18. yüzyıl sonlarında özellikle Almanya ve Fransa başta olmak üzere, Romantizm’in yeni yeni filizlenmeye başladığı yıllarda, dünyaya gelen Robert Schumann bu akımın en şiddetli savunucusu olmuş hatta müzik tarihine “romantiklerin

en romantiği” diye geçmiştir. Besteci, icracı, öğretici olduğu kadar özellikle müzik

üzerine yazdığı yazılar ve yayınladığı dergilerle de, müzik eleştirmenliği konusunda, oldukça önemli bir yere sahiptir. Kurduğu dergide, kendi gibi çağdaşı birçok bestecinin eserlerini incelemiş, analizler yapmış ve tanınmalarını sağlamıştır. Eşine az rastlanır biçimde, çağdaşı olan bestecilerden oldukça farklı eserler bestelemiştir. Zengin ve karmaşık bir armoni, ritmik çeşitlilik gibi unsurlar, o dönem için oldukça yeni buluşlardır. Edebiyat ve şiirlere olan düşkünlüğü ruhunun derinliklerine inebilmesine olanak vermiştir. Yazılarını zaman zaman kendi iç dünyasında oluşturduğu otuz üç farklı isimle yazmıştır. Bu onun duygu ve düşüncelerini daha rahat ifade etmesini sağlamıştır. Eserlerinde de bu karakterlere göre melodiler bestelemiştir. Birbirine karşıt karakterlerin oluşturduğu eserler büyük başarı sağlamıştır. Bu önemli eserlerden bir tanesi de bu çalışmamda incelediğim op.26 “Faschingsschwank aus Wien” adlı eserdir. Almanların “fasching” diye kullandıkları kelimenin anlamı karnaval benzeri “Alman

eğlencesi”dir. Türkçe’ye “Viyana’dan Karnaval Eğlenceleri” diye çevrilebilir. Robert

Schumann 1839 yılında Viyana’da olduğu sırada bu eğlencelerden çok etkilenmiştir, ilk dört bölümünü Viyana’dayken yazmıştır. Eseri mektup arkadaşı Simonin de Sire’ye adamıştır. Robert Schumann’ı daha iyi anlayabilmek için, kendisinin yaşadığı Romantik Döneme, dönemin müzikal, formal ve armonik yapılarına kısaca değinmek gerekmektedir.

(22)

Romantizm, Fransızca’dan gelen “romance” yani, duygusal aşk veya kahramanlık öyküsü" sözcüğünden türemiştir1. 18. yüzyıl sonlarına doğru Avrupa’da etkisini yitirmeye başlayan Klasik geleneğe karşı kendisini göstermeye başlamış ve özellikle başta Almanya ve Fransa’da edebiyat alanında ortaya çıkmasıyla birlikte de felsefe, resim, müzik ve benzeri tüm sanat dallarında bir devrim yaratmıştır.

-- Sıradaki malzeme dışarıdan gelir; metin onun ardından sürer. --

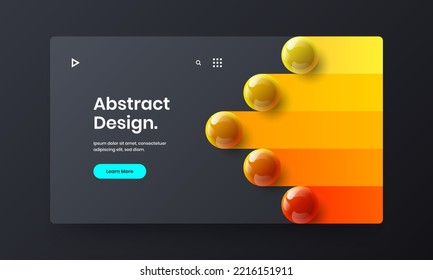 Amazing book cover design vector illustration. Vivid 3D balls front page layout.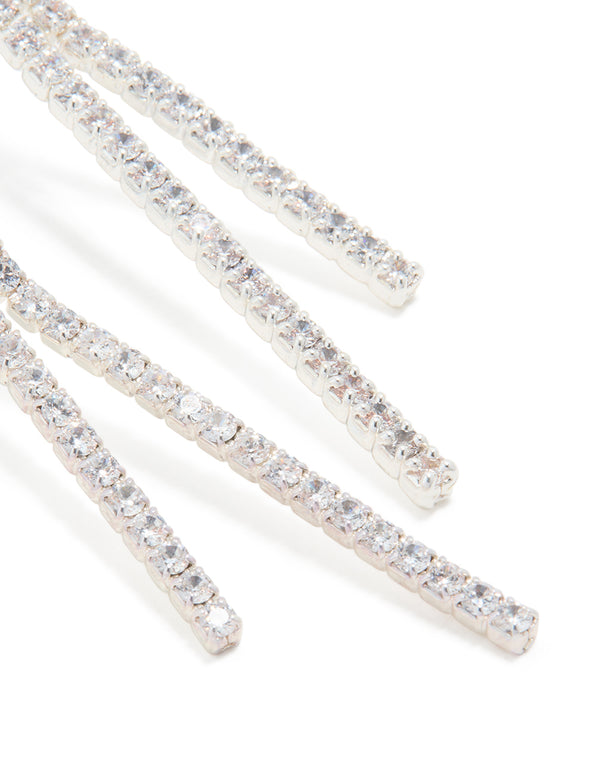 Silver Plated Cubic Zirconia Asymmetrical Cup Chain Drop Earrings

Sanat alanında duygu ve düşünceleri özgürce ifade etmeyi amaçlayan bu akım; klasik dönemdeki, denge, uyum, düzen ve akılcılık gibi saray soylularına özgü katı ve kuralcı geleneklere olan bağlılığa karşı çıkmıştır. İnsanların tutkularına ve iç dünyalarına önem verilmiş, mantık yerini duygulara bırakmıştır. Bu da insanların benliğinin, kişiliğinin, ruh hallerinin, kahramanların, olağanüstü özellikteki dehaların araştırılmasına olanak sağlamıştır. (Tuzkaya, 2013: 1)

Romantizmin hemen hemen her alanda bu kadar benimsenmesinin bir sebebi de, doğal ve yalın bir anlatım biçimini benimsemesi ve büyük oranda soylu sınıfa hitap eden klasikçiliğe karşı onu yapay ve aşırı incelikli bulan orta sınıfa hitap etmesidir.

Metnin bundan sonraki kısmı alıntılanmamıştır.